The U.S. national debt climbed by roughly $2.25 trillion during President Donald Trump’s first year back in the White House, underscoring how rapidly federal borrowing continues to accelerate despite repeated pledges to rein it in. The increase highlights mounting pressure on Washington’s finances at a time when interest costs are surging and markets are paying closer attention to fiscal sustainability.
Measured over the 12 months surrounding Trump’s return to office, the debt rose from just over $37 trillion to approximately $38.4 trillion, according to calculations shared by the Peter G. Peterson Foundation, a nonpartisan group focused on long-term budget stability. On a calendar-year basis, the increase in 2025 was even larger, at about $2.29 trillion.
Borrowing accelerates at historic speed
Budget analysts note that the pace of debt accumulation has quickened markedly. The federal government added close to $72,000 per second to the national debt over the past year, a rate that rivals the fastest growth seen outside the pandemic era. A particularly sharp jump occurred between August and October, when the debt moved from $37 trillion to $38 trillion in just two months, a surge the Peterson Foundation previously described as unprecedented outside emergency spending periods.

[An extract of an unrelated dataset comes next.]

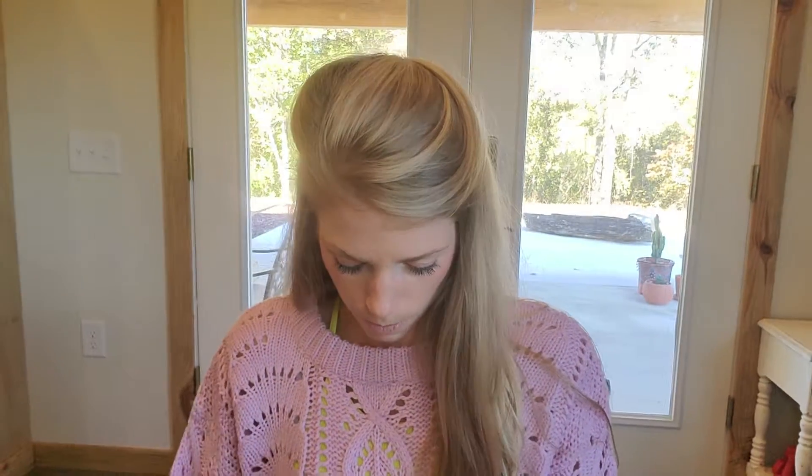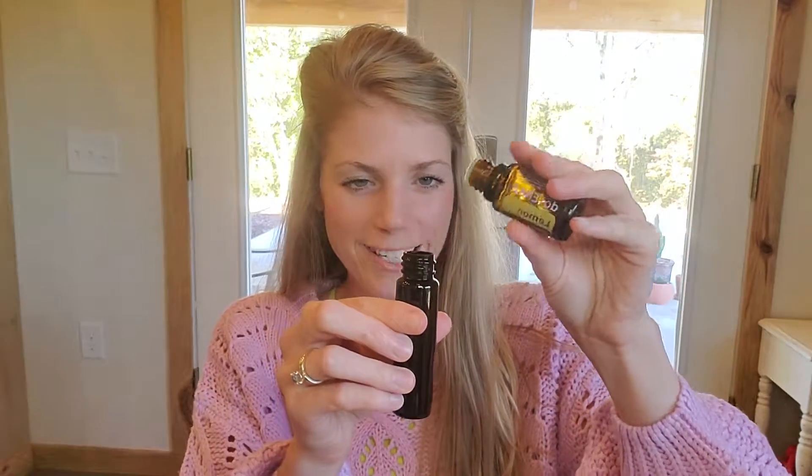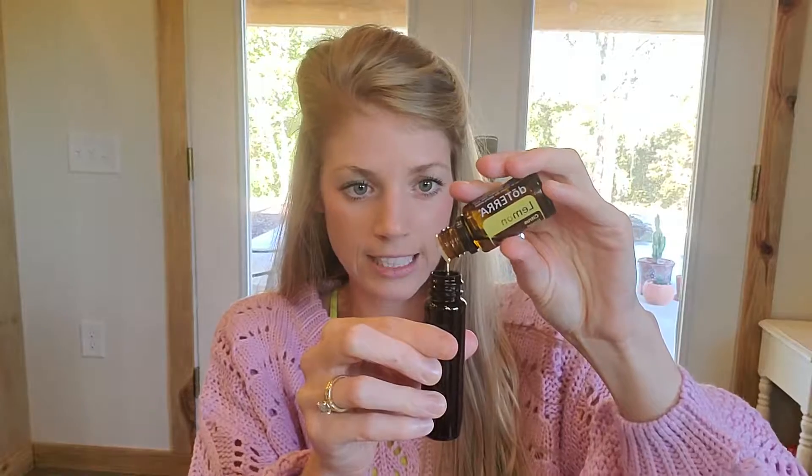So what I do is I add 10 drops of lemon essential oil — 10 drops. Then I put a spoonful of white vinegar, which I've done, and then you top it with water.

Michael Peterson, the foundation’s chief executive, has warned that the scale and speed of borrowing reflect structural imbalances rather than short-term shocks. In practical terms, the government is financing routine operations with increasing reliance on debt, even during periods of economic expansion.
How Trump and Biden compare
Looking across recent administrations provides additional context. Data compiled by the Peterson Foundation show that President Joe Biden recorded the largest single-year debt increase outside the pandemic, with nearly $2.6 trillion added in 2023. Trump, however, still holds the record for the biggest annual rise overall, with roughly $4.6 trillion added in 2020 as Congress approved sweeping relief programs during the COVID crisis.
Together, Trump and Biden account for five of the six highest debt-growth years over the past quarter-century. By comparison, annual debt increases under Presidents Barack Obama and George W. Bush were significantly smaller, though both governed during the aftermath of the 2008 financial crisis. While the figures are not adjusted for inflation, analysts agree that the underlying trend points to a sustained step-up in borrowing across administrations.
Interest costs become the budget’s pressure point
The growing debt load is colliding with another challenge, rapidly rising interest expenses. Net interest costs reached about $970 billion in fiscal 2025, and according to the Congressional Budget Office, total interest-related spending exceeded $1 trillion for the first time when all components are included. Projections from the Committee for a Responsible Federal Budget suggest annual interest costs could remain at or above that level for years.
Trump has argued that higher tariff revenue could help offset these pressures. Treasury data show tariff collections have increased substantially, potentially reaching $300 billion to $400 billion annually. Even so, economists note that this revenue covers only a portion of interest costs and a relatively small share of total federal spending. The CBO has also estimated that the rollback of some proposed tariffs eliminated roughly $800 billion in projected deficit reduction.
Complicating matters further, the administration has floated a plan to distribute a $2,000 annual payment to households funded in part by tariff revenue. Independent estimates suggest such a program could cost around $600 billion per year, potentially widening deficits unless paired with spending cuts or new taxes.
Markets flag fiscal risks
Financial markets are increasingly sensitive to these dynamics. Heavy Treasury issuance has pushed longer-term yields higher, reflecting both monetary conditions and concerns about the volume of U.S. borrowing. Analysts at Deutsche Bank have described the nation’s debt trajectory as a potential vulnerability, warning that it could amplify the impact of economic shocks or geopolitical stress.
While rating agencies have not signaled an immediate threat to U.S. creditworthiness, they have repeatedly highlighted rising deficits and political gridlock as longer-term risks. Polling suggests voters are paying attention, with more than four in five Americans saying the national debt is an important issue, even if consensus on solutions remains elusive.
Trump first entered office promising to eliminate the national debt over time. A decade later, following his return to power, the debt has instead reached record highs. As another year of budget negotiations approaches, the debate is shifting from whether borrowing is rising too quickly to how long the world’s largest economy can sustain its current fiscal path.